トリプルファイヤーの新譜。それだけで特別。
待ちに待ったなんと7年ぶりのアルバム。言葉選びにはさらに磨きがかかり、誰にも似ていない特異な音楽性はさらにキレキレに。「相席屋に行きたい」というフレーズが歌詞として成立していることが奇跡。問答無用にカッコイイんですが、トリプルファイヤーが大好きって言いたいけど、言わないでおこうかな、、っていう距離感の傑作です。インストのCD付。オススメ(1)(2)(8)(9)
タワーレコード(2024/10/04)
前作『FIRE』より7年、いよいよトリプルファイヤーの最新アルバム『EXTRA』。
CDは、Instrumental盤が付いた二枚組。
最新作『EXTRA』におけるあまりにも多様な音楽性は、トリプルファイヤーが世に出た際に名付けられた「高田馬場のジョイ・ディヴィジョン」という最高ではあるキャッチフレーズともかけ離れてしまっているのです。
しかしながらじゃあ誰なの?「トーキング・ヘッズ?ジョージ・クリントン??」と考えたところで、さまざまな要素が粘土をこねくり回した様に異形化しており、結論を申し上げますと「柴又の寅さん」のごとく、「高田馬場のトリプルファイヤー」としか形容しえない独創性を獲得しています。
難産の末、「トリプルファイヤー」ここに極まりと胸を張って言える、これまで以上にポップでエンターテイメント性にも飛んだバケモノの子が産み落とされています。

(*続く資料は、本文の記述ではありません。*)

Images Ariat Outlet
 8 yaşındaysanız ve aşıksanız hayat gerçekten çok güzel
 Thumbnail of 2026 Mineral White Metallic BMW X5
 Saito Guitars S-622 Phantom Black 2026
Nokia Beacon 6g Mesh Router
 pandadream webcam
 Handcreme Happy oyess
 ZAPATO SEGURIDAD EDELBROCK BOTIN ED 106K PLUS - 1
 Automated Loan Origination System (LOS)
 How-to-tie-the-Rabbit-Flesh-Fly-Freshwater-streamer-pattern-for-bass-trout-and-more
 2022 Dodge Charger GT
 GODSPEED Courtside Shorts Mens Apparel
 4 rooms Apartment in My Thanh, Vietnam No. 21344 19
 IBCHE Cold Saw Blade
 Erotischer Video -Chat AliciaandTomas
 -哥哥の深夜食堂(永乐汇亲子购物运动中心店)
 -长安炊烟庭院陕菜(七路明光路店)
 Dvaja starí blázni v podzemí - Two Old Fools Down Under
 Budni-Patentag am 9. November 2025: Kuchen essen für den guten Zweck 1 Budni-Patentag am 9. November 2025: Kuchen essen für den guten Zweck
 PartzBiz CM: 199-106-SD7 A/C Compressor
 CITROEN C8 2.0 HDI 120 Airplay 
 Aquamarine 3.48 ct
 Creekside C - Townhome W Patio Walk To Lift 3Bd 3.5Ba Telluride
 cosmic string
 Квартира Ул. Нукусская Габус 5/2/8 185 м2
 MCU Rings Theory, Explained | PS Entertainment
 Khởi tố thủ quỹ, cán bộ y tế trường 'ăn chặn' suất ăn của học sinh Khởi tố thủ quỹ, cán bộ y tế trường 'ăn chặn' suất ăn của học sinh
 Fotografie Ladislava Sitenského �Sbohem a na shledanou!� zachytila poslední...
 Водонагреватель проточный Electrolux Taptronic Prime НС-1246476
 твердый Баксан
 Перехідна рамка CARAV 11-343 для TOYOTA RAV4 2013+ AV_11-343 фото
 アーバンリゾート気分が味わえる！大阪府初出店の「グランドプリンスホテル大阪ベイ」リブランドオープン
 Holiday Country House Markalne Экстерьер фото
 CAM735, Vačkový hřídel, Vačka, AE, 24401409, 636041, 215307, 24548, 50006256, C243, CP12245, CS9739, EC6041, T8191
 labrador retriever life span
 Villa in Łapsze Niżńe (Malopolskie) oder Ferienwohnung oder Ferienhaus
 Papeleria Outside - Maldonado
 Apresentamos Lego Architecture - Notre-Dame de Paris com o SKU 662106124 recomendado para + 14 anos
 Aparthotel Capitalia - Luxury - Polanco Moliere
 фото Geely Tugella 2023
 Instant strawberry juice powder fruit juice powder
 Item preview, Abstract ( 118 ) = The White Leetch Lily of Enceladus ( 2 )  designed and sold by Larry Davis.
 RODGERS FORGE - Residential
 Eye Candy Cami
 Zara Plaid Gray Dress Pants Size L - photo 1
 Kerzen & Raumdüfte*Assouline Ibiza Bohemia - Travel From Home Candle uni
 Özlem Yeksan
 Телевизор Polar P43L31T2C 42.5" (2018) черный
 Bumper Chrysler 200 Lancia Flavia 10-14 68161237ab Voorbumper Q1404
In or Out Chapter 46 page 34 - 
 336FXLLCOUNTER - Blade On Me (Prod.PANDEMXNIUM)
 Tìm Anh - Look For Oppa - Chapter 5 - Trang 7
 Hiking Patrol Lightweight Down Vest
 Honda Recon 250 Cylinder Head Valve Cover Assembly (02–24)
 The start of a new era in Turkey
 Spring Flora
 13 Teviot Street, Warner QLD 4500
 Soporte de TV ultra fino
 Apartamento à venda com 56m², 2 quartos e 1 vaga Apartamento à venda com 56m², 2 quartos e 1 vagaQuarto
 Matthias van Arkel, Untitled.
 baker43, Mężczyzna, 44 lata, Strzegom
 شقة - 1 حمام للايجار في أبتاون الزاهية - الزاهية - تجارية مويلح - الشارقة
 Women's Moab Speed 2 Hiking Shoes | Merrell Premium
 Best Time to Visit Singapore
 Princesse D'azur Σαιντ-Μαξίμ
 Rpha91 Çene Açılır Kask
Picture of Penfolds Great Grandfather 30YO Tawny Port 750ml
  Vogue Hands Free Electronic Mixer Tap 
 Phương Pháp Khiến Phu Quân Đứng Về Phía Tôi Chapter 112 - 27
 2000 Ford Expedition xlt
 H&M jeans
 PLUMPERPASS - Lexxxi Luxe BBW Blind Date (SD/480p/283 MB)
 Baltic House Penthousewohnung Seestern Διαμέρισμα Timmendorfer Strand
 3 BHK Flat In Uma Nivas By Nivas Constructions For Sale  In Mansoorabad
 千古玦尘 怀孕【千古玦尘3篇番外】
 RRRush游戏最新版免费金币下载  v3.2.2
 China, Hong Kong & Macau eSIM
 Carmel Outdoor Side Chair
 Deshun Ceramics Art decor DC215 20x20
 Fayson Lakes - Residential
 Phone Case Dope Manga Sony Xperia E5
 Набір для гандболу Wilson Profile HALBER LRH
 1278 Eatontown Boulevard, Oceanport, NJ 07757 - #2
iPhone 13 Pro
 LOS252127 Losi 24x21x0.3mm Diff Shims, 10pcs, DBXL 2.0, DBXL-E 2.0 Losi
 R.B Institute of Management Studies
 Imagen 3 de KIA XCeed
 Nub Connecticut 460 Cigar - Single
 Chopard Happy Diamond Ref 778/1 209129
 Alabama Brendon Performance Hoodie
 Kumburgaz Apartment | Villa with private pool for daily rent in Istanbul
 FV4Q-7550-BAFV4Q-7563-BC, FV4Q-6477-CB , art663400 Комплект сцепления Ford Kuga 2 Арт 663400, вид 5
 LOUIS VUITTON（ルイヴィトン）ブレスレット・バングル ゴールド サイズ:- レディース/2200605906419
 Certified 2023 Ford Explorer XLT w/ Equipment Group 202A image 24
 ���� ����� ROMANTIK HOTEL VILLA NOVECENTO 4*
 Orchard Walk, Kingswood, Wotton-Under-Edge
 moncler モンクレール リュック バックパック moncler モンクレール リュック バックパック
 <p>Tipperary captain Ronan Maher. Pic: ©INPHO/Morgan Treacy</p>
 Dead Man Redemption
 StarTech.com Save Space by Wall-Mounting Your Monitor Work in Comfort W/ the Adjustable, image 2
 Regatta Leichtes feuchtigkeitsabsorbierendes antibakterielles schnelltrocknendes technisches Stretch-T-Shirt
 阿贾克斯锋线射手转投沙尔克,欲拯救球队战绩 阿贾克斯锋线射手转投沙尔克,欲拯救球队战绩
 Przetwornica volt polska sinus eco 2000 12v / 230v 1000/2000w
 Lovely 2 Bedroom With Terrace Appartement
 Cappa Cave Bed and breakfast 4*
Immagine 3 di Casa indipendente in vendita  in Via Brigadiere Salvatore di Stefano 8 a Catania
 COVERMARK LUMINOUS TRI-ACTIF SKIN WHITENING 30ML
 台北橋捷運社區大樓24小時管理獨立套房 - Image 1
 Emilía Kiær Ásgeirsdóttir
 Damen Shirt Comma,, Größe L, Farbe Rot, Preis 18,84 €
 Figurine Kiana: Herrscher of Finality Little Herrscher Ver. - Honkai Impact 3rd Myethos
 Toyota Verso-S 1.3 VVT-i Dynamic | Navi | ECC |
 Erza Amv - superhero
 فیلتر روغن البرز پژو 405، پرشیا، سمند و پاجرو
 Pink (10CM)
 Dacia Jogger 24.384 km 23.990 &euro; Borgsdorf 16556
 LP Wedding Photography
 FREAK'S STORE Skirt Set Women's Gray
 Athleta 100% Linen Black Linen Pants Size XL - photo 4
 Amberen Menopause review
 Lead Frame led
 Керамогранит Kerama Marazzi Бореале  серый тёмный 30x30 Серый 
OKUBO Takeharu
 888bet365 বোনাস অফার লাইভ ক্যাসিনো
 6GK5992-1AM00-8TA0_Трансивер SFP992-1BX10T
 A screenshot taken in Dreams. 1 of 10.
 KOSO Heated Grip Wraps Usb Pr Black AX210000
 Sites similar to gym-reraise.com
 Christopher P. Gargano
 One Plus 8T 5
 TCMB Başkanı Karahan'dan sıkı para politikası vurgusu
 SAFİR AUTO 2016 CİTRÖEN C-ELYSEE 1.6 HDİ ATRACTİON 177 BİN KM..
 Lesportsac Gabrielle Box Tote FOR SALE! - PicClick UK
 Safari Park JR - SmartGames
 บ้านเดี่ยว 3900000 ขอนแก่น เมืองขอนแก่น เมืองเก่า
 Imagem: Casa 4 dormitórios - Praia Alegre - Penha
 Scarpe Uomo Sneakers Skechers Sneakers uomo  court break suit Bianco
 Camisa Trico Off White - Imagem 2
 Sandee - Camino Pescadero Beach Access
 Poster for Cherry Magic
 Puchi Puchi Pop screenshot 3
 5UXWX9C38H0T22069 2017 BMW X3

アフロ・ビート、ファンク、ロック、ブラジル、そしてそれらが混ぜ込ぜになった先人たちの名盤の数々を、バンドが表現したいことを一番の指針としたブランニューな音楽に見事に昇華。
池田若菜 (Flute)、沼澤成毅 (Keyboards)、シマダボーイ (Percussion)、PLASTICMAI (M6 Guest Vocal)の強力なサポート、馬場友美の録音、The Anticipation Illicit Tsuboiのミックス・マスタリングによりこれまで以上にメンバーのやりたかったイメージにも辿り着くことができました。
その結果、彼らの音楽の基盤となる"楽しく踊れる音楽"がジャケットに描かれたキャラクターのごとく、次々に姿を表します。
サウンド面では鳥居真道 (Guitar)が陣頭指揮を取りながら、山本慶幸 (Bass)、大垣翔 (Drums)、吉田靖直 (Vocal)とゲストたちによる、とてつもなくユニークで、とてつもなく楽しいミュージックです。
また、一時の「タモリ倶楽部」準レギュラー的ポジションなど、インパクト大のお茶の間露出から、エッセイや脚本など文筆方面でも活躍するヴォーカリスト・吉田靖直の「自分が本気で思っていることを書く」スタイルのリリックと、ヴォーカル・フロウ含めた、バンドのサウンドの探求の掛け算が黄金律で成立してしまっていることが、この世界的に見ても摩訶不思議な音楽の重要なポイントであります。
吉田の自己からにじみ出てしまっている言葉であるのに、神様視点にも感じる詩の世界。
少し加齢し、おじさんっぽく扱われ始める局面にも直面することで生まれた"あがきと諦め"。
誰も歌にしてこなかった共感しかない歌たちが揃い踏みです。
<相席屋に行きたい/相席屋に生きたい> HIP HOPシーンにもしっかり届いている、パンチライン製造機としての切れ味もマシマシであります。
言葉の面白みだけでなく、これまで以上にメロディアスな歌やお洒落でもあるサウンドも相まって、より多くの人に届きそうな予感がする7年ぶり・等身大な大傑作。
今の時代に日本から生まれる面白い音楽はこういうものではないだろうか?!そんな仮説に頷きたくなる、待ちに待ったニューアルバムです。
発売・販売元 提供資料(2024/08/16)
〈酩酊した俺〉の無敵感を訴えたり、素手でトイレを磨くような胡散臭さをあえて大肯定したり、心に抱えるモヤモヤを吐き出す吉田靖直のボヤキ歌は、7年ぶりのアルバムでさらに深みが増した。アフロビートやファンクなどを煮詰めた異国情緒あるサウンドも痛快(ゲストの池田若菜による妖しいフルートが効果テキメン)。カッコよくて、おもしろくて、踊れる。